There are two new transmissions too, with both manual and automatic models now boasting 6 speeds, and an all-new interior that Vauxhall hopes will win potential buyers over from the dozen or so other soft-roaders currently on offer. One selling point, for example, is that the rear seats fold completely flat, opening up a huge amount of space for those trips to IKEA…..
That’s how the Vauxhall Antara looks, then, but we drove left-hand drive, German-registered Opel Antaras at the car’s European launch in Scotland. Apart from the steering wheel being on the wrong side, the cars were exactly the same as you’d find in Vauxhall showrooms, although for some reason the predicted biggest seller – the 163PS 4x4 – wasn’t there in huge numbers and so we had to settle for testing the more powerful engine with both the manual and automatic gearboxes. The Antara is now available with 2WD as well but only with the smaller engine, while European markets also get a petrol engine although it’ll only be the two diesels offered in the UK.
Two trim levels will be available – Exclusiv and SE – with even the bottom-spec front-wheel drive models getting lots of standard equipment such as air conditioning, ABS and a Hill Descent Control system. On the downside, we thought the new electric handbrake was a bit fiddly to operate, while the satnav in both the test cars was only too eager to send us down the wrong sliproads at motorway junctions. Perhaps this was because of the left-hand drive set-up, but it still earned a black mark in our book.

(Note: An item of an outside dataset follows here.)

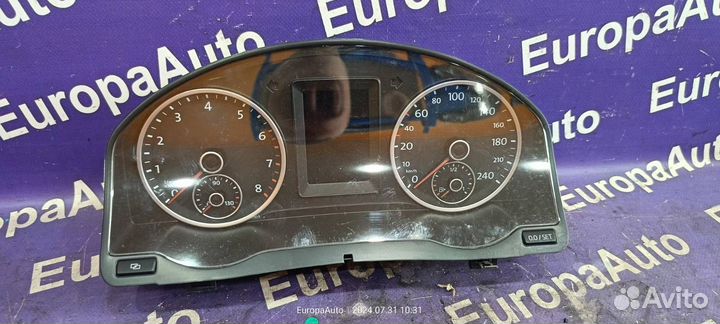 Панель приборов Volkswagen Tiguan NF cczd 2012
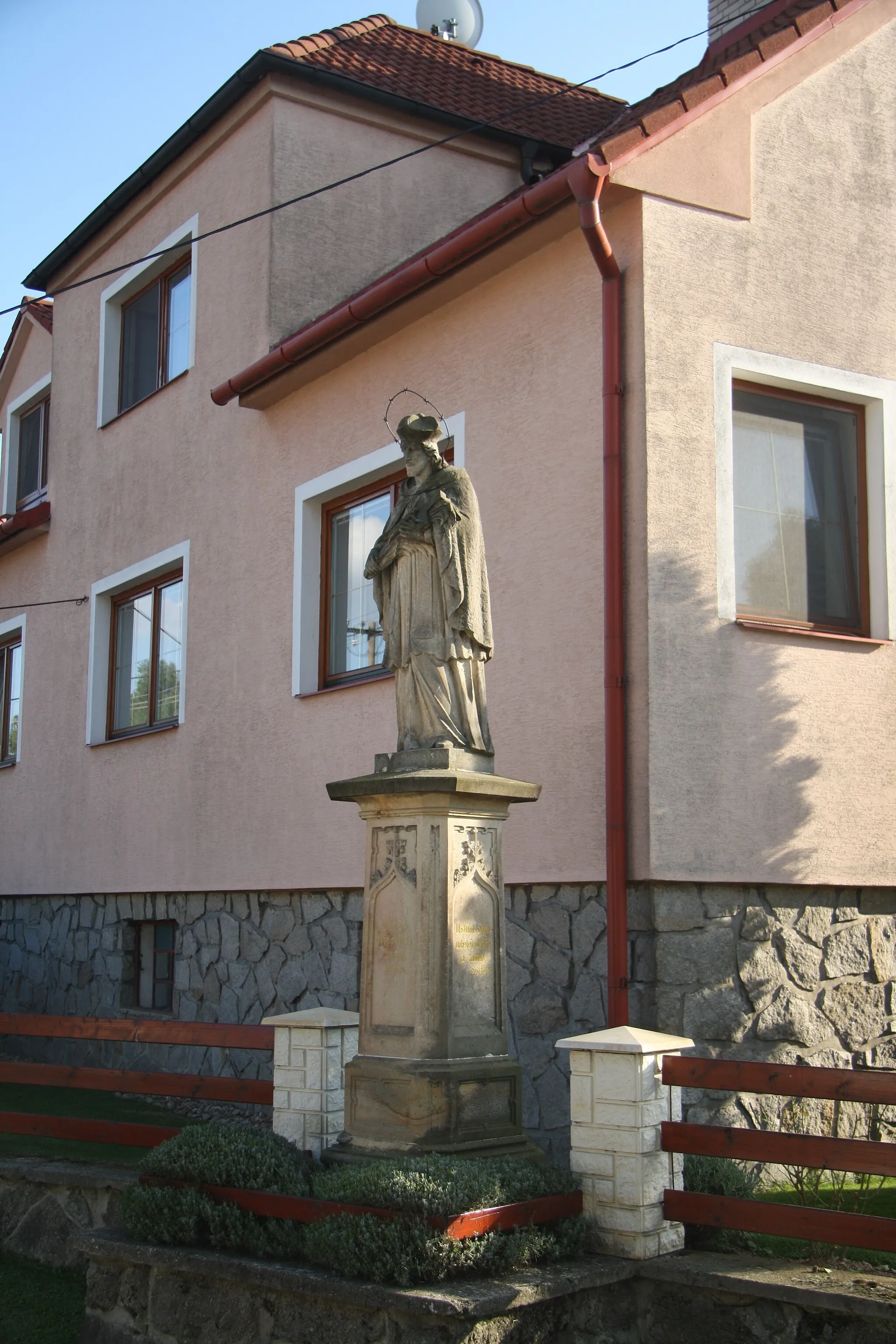 Photo showing: Statue in Holubí Zhoř, Velká Bíteš, Žďár nad Sázavou District.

Of the two models we tested, we preferred the automatic but only because the manual car had a notchy gearchange that was also a bit of a stretch to get into fifth and sixth gears – that’ll be first and second on right-hand drive cars. The ride was on the firm side and so Scottish B-roads weren’t perhaps the best surfaces to demonstrate to European journalists how well the car rides.
Handling is another matter, however, as that stiff suspension means body roll is reduced and so you can make decent progress in what is quite a tall car. Along with the new engines, gearboxes and suspension, a lot of work has also clearly gone into making the interior much quieter than the old car – something like 50% quieter in fact.
Taking advantage of the fact that we were in Scotland in February, Vauxhall and their German colleagues had laid on a gentle drive for us through some stunning forestry. To be fair, we could have easily tackled the same snowy gravel tracks in a family hatchback, but knowing that we had an electrically-controlled 4WD system was reassuring; pretty much as it will be for the majority of potential buyers. The car was never really challenged, even when confronted by obstacles such as a tight turn across a muddy ditch or driving along a steep bank, but we reckon it’ll be more than capable of towing a caravan or a horsebox out of a muddy field. Should you need more than five seats for the rest of the Pony Club, then there’s always the Chevrolet Captiva that shares the same platform and is built in the same factory in Korea.
That, then, is the new Vauxhall Antara. Even though it’s better than the model it replaces, the car still doesn’t quite make a convincing case for itself – particularly in terms of economy and emissions - so we reckon Vauxhall may struggle to sell the 3,000 it predicts will find buyers in its first year on sale.